→ **Work to complete**
The result is the exact lines from the one containing "エヌ アンド(N&)/クリスマス&冬デザイン" through the final line of the entries; leave out the pictures.

-*-

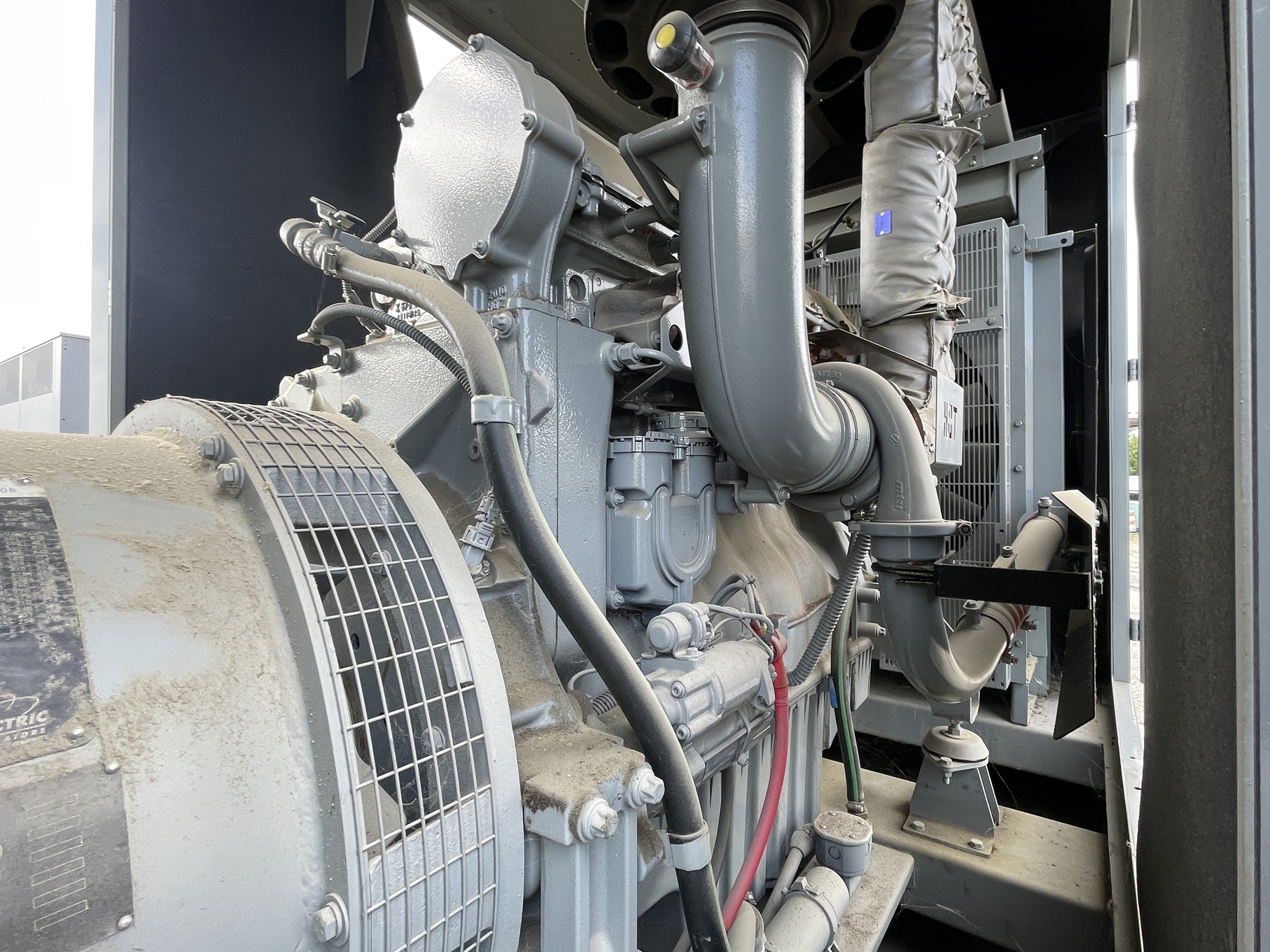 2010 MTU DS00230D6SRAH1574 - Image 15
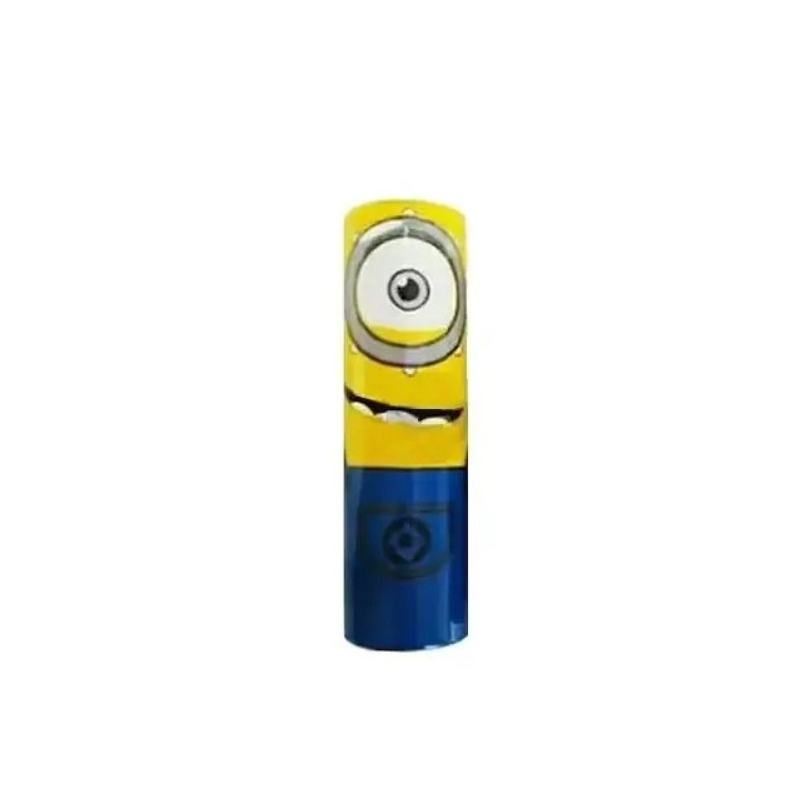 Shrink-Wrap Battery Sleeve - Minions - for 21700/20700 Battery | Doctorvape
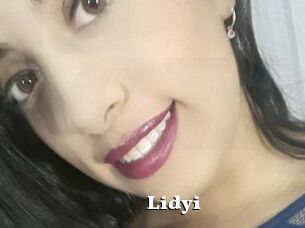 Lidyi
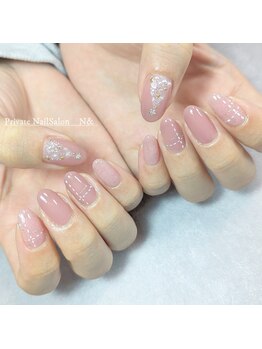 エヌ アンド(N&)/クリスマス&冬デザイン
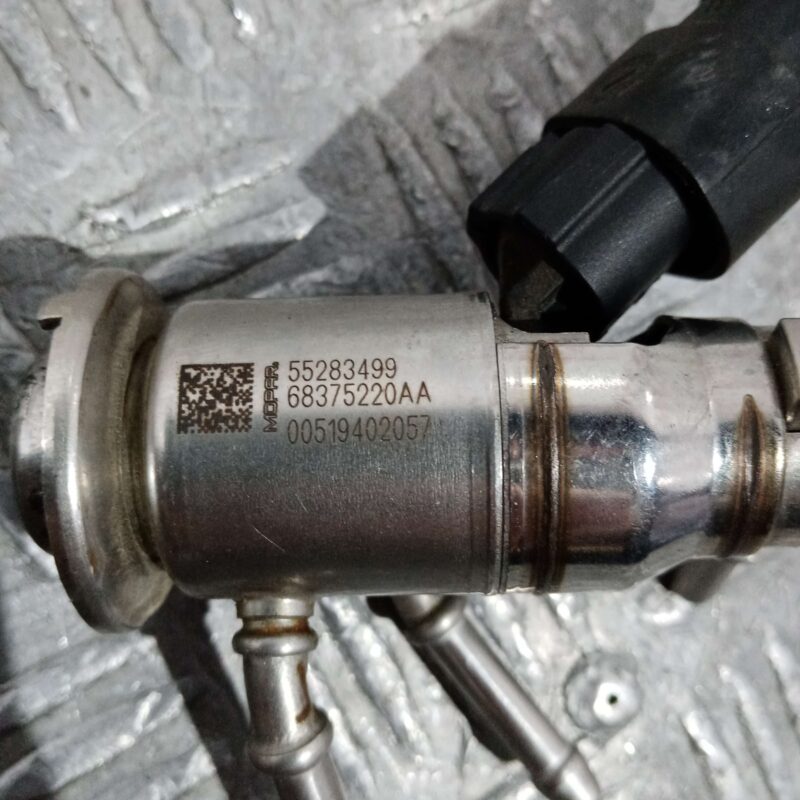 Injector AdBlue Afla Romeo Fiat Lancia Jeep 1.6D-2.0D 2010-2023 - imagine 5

-*-

→ **Result below**
 エヌ アンド(N&)/クリスマス&冬デザイン
 Injector AdBlue Afla Romeo Fiat Lancia Jeep 1.6D-2.0D 2010-2023 - imagine 5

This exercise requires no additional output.